First of all, there are some prerequisites to connect successfully from your Lambda function to DocumentDB database.


Network Connectivity

One major requirement for building a connection between Lambda function and DocumentDB database platform is network connectivity. Since DocumentDB is a VPC only service, you should place the DocumentDB cluster within a VPC in your AWS account. You should create your Lambda functions within the same VPC or within a VPC which is peered or connected to DocumentDB VPC via a transit gateway connectivity. Routes should be defined and DocumentDB port (which is 27017 by default) should be enabled. Security groups or firewall settings as we know from on prem should allow inbound and outbound connections over TCP port 27017 (which is the default port for DocumentDB database connections)

If you go details of the DocumentDB cluster, you will see attached security groups to you cluster on the "Connectivity & security" tab. If you check the configuration of the attached security group, you should validate that there is an inbound rule for TCP port 27017 from Lambda function security group.

So first, you should create your Lambda function within a VPC and subnets that has a network connection enabled. While creating your Lambda function, create a new security group for your Lambda function. Use this security group name in the configuration of the DocumentDB security group for inbound connection source.

Below is a screenshot from my sample DocumentDB cluster security group inbound rules. You will see there is an inbound rule referincing the security group of the Lambda function as source for TCP port 27017.

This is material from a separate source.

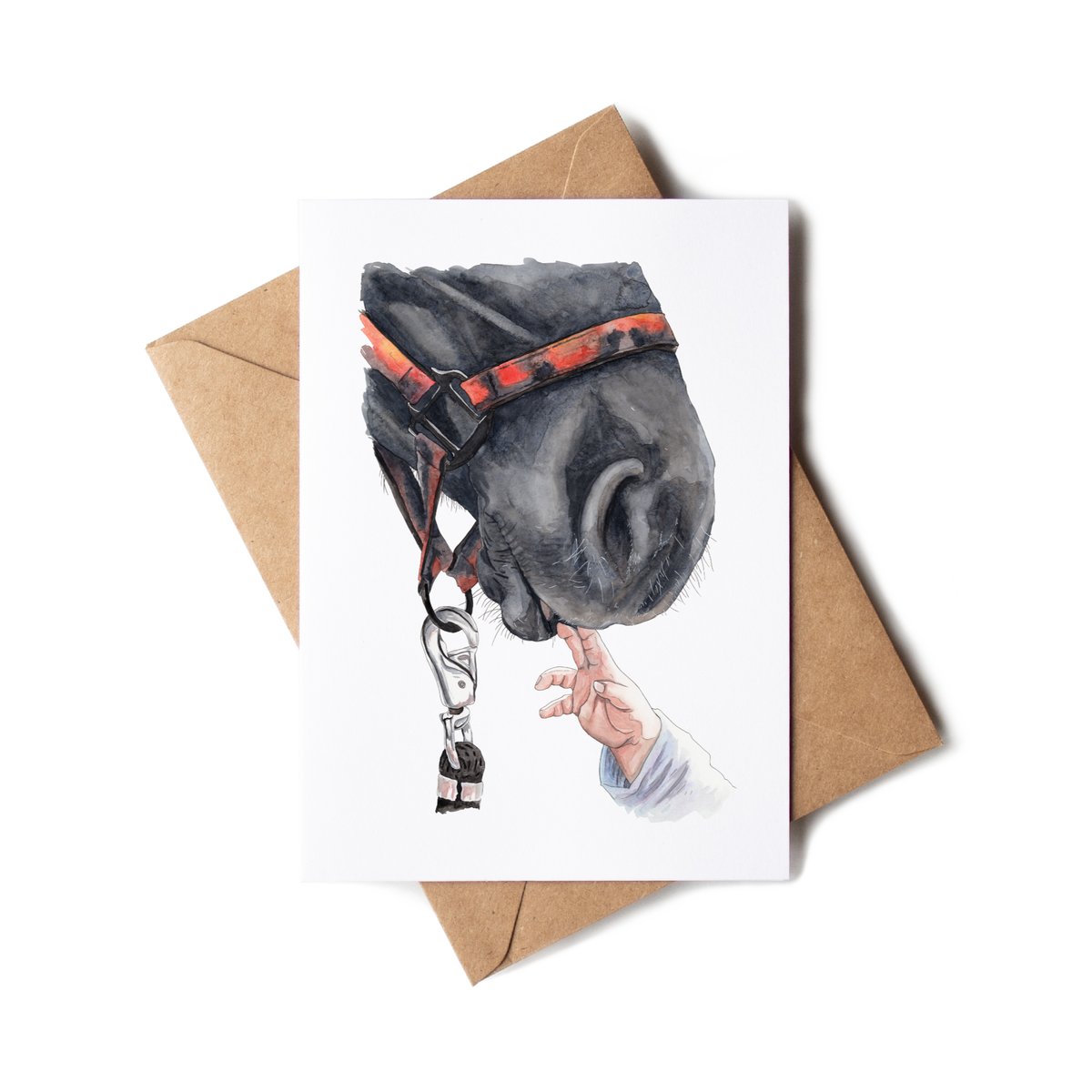 Greeting card with a horse's head and hand reaching through a bridle, on a white background.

AWS Security Group inbound rule

If you want to connect to an existing Amazon DocumentDB cluster, you may not be able to identify the VPC subnets where the target DocumentDB cluster and its nodes are deployed into. Unfortunately, it is not crystal clear on the AWS Management Console Amazon DocumentDB dashboard even if you drill into details of the cluster. You can only see the attached subnet group identifier for a specific DocumentDB cluster using AWS CLI command describe-db-clusters

Assuming that your Amazon DocumentDB cluster name is "docdb-sandbox", following AWS CLI command will help Lambda developers to display the subnet group name

aws docdb describe-db-clusters --db-cluster-identifier docdb-sandbox
AWS CLI Command for Amazon DocumentDB Cluster details

If you read the output of the CLI command you will see the DBSubnetGroup name is "documentdb-subnet-group"

AWS CLI command for Amazon DocumentDB cluster details

After you get the DocumentDB subnet group name, you can go to Subnet Groups section on DocumentDB dashboard and check VPC details and selected subnets for the DocumentDB cluster nodes.

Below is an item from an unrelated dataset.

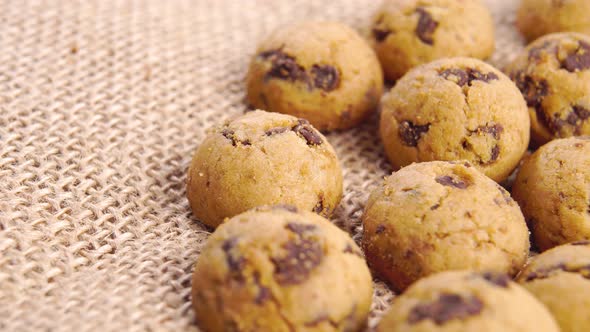 Small round dessert biscuits with chocolate chips on a rough rustic burlap. Macro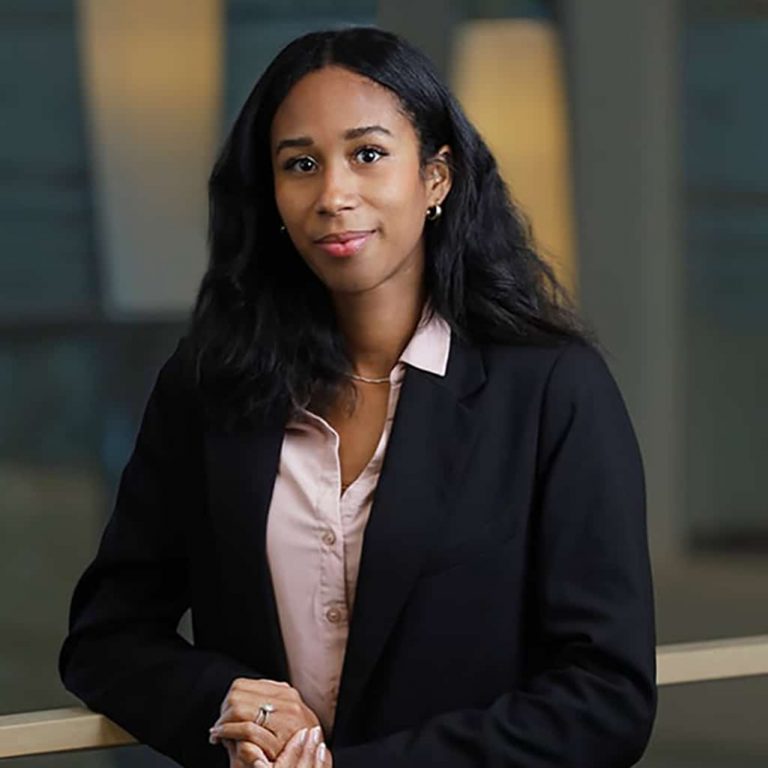 Woman in a black blazer standing in an office with a softly blurred background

Amazon DocumentDB VPC and Subnet Group

Check route tables if you have used different VPCs, subnets, etc. Your AWS Lambda functions should be able to initiate connections to DocumentDB cluster.


Create a Layer for AWS Lambda Function to use PyMongo Library

Amazon DocumentDB is MongoDB compatible. Programmers can easily adapt their MongoDB applications to Amazon DocumentDB. MongoDB drivers are supported for connections to DocumentDB too.

Using PyMongo is the preferred way of connecting to MongoDB so to DocumentDB too from applications developed by using Pyton. That is why for Python programmers who are building AWS Lambda functions using Python, if they want to connect Amazon DocumentDB from Lambda function, use of PyMongo is the easiest way.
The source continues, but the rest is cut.